### [Source material]
☆ ☆ ☆

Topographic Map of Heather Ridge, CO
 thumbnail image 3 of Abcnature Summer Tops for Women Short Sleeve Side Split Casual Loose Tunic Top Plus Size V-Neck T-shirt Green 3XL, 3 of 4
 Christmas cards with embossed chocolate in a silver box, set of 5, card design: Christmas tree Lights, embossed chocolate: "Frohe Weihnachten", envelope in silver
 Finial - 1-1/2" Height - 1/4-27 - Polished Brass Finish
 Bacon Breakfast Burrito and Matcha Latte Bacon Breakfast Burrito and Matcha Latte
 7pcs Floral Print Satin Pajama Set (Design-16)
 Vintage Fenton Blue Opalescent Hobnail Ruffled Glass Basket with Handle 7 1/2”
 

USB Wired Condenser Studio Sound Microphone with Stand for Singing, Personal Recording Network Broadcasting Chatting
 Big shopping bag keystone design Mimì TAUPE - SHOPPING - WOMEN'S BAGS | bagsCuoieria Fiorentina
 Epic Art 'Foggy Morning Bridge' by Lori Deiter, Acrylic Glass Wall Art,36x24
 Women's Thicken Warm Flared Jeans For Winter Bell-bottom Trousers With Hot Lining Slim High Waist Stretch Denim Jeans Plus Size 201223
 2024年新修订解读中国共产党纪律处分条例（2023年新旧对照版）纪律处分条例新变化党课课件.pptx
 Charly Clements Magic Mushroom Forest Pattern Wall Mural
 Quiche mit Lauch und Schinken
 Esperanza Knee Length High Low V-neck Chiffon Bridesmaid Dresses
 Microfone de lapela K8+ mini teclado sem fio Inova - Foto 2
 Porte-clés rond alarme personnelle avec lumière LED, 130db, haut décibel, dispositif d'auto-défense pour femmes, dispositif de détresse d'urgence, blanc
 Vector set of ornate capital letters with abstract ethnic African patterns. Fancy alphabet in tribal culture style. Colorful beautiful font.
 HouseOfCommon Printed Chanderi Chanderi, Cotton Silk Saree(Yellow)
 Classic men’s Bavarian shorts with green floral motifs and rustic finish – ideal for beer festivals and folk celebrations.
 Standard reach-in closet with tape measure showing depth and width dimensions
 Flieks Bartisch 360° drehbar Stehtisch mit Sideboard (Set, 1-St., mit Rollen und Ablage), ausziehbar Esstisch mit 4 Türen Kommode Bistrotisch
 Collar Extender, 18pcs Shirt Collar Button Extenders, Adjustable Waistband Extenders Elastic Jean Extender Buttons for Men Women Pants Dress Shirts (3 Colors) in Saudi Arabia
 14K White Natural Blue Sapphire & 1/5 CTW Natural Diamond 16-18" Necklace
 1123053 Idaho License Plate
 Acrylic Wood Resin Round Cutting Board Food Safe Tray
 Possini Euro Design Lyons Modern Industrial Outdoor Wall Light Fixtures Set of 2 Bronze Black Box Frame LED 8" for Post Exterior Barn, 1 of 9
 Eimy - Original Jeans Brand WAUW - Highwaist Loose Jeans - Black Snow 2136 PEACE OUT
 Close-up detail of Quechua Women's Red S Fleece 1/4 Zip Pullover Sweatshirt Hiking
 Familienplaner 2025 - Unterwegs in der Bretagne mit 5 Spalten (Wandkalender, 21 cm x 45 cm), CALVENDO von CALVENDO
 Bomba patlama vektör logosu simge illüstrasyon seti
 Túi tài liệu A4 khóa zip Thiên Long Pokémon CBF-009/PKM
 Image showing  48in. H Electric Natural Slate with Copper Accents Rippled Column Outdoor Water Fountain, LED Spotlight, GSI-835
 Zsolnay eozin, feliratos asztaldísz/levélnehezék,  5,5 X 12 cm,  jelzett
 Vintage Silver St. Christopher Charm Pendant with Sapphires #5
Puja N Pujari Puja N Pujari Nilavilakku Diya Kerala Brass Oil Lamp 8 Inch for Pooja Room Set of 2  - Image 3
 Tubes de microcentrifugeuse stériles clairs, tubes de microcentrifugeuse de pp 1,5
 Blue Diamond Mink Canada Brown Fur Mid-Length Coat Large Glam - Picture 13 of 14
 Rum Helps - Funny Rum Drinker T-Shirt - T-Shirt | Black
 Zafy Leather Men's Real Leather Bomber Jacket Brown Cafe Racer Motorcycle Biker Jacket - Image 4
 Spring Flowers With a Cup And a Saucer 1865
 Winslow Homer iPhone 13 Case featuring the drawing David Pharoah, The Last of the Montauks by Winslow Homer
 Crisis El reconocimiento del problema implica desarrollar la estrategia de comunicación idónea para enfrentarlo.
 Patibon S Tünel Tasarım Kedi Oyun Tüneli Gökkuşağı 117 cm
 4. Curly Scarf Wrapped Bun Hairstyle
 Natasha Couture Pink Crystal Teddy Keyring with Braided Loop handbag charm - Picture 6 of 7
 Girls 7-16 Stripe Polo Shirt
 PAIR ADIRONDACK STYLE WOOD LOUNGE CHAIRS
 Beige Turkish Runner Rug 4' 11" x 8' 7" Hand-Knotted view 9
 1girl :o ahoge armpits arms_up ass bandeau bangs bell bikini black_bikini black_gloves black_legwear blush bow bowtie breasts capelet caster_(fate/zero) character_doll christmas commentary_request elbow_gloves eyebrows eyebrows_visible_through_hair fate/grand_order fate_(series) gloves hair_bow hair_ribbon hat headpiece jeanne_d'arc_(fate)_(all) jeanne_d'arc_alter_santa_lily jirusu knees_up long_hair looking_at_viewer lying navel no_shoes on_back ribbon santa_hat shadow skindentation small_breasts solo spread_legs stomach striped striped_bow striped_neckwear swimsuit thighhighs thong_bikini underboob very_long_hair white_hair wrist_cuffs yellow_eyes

☆ ☆ ☆

### [Exercise aim]
On how many lines of the records above does the word "Outdoor" appear? Answer with only that number.

### [Solved problem]
2